Perlu diketahiu bahwa deskripsi arsip berbeda dengan deskripsi bibliografis pada perpustakaan. Deskripsi bibliografis, pada umumnya ringkas. Satu keseluruhan deskripsi sering ditulis dalam satu kartu, atau barang kali dua atau tiga. Deskripsi arsip juga ringkas – khususnya bila unit deskripsinya satu item atau deskripsinya hanya merupakan sebuah rangkuman – tetapi juga bisa menjadi seribu atau lebih panjang halamannya. Rata-rata detail deskripsi arsip ada sekitar 15-30 halaman panjangnya. 

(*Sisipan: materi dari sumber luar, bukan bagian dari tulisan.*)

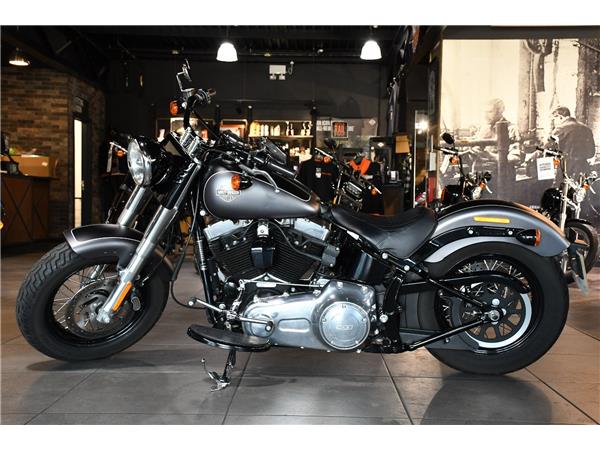 2019 HARLEY-DAVIDSON SOFTAIL FLS SLIM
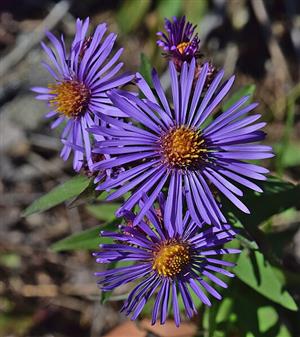 New England Aster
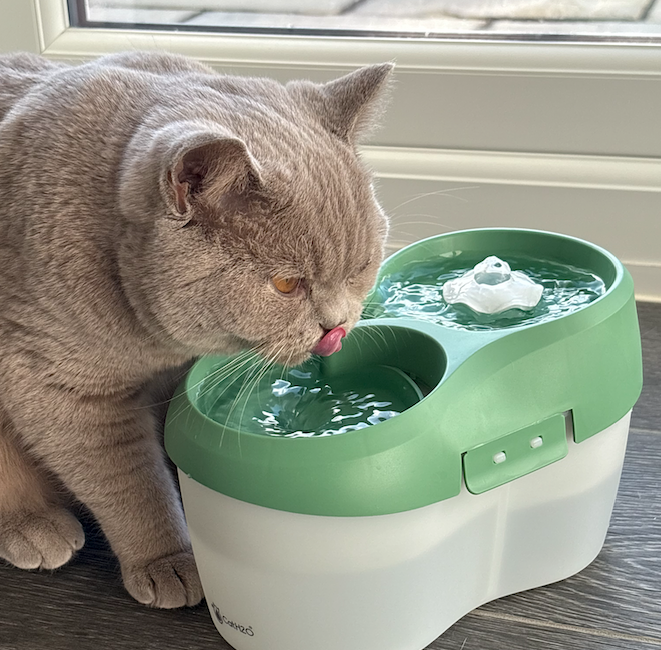 Cat H2O Tornado (FREE bonus pack of 3 filter pads included)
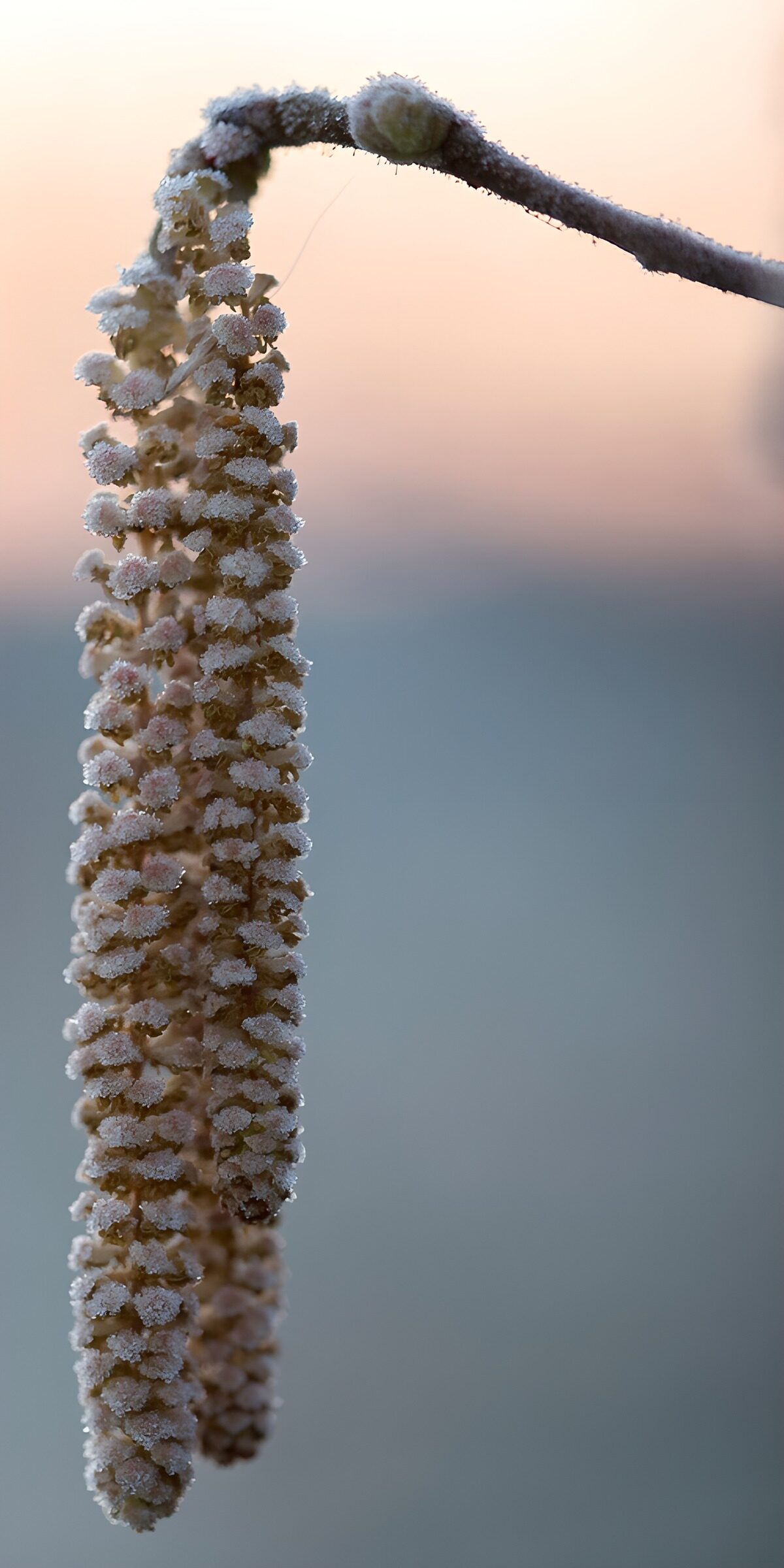 TPFR89355: Gouttes de givre sur une fleur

Encoded Archival Description

Standarisasi deskripsi arsip memerlukan beberapa standar terkait lainnya. Pertama, perlu adanya suatu standarisasi komponen-komponen utama atau kategori-kategori deskripsi, serta keterkaitan kategori tersebut.  Ini merupakan semantik intelektual dan sintaks deskripsi arsip, khususnya kerangka kerja struktural yang menyeluruh.  ISAD(G) merupakan standar struktural deskripsi arsip yang dirintis oleh ICA. Kedua, perlu adanya standar isi, dengan spesifikasi  pada kategori-kategori yang disyaratkan maupun pilihan, bagaimana cara menulisnya, dan apa saja yang harus diisi dalam setiap kategorinya. Ketiga, berbagai aturan standar  diperlukan dalam kendali informasi seperti kode geografis, negara dan bahasa; nama personal, korporasi, dan famili; serta subjeknya. Terakhir, harus ada format komunikasi standar atau sintaks yang mewakili standar struktural.  Standar komunikasi ini memungkinkan information sharing antara komputer dan manusia (user).  Encoded Archival Description (EAD), berdasarkan pada ISAD(G), merupakan standar komunikasi deskripsi arsip.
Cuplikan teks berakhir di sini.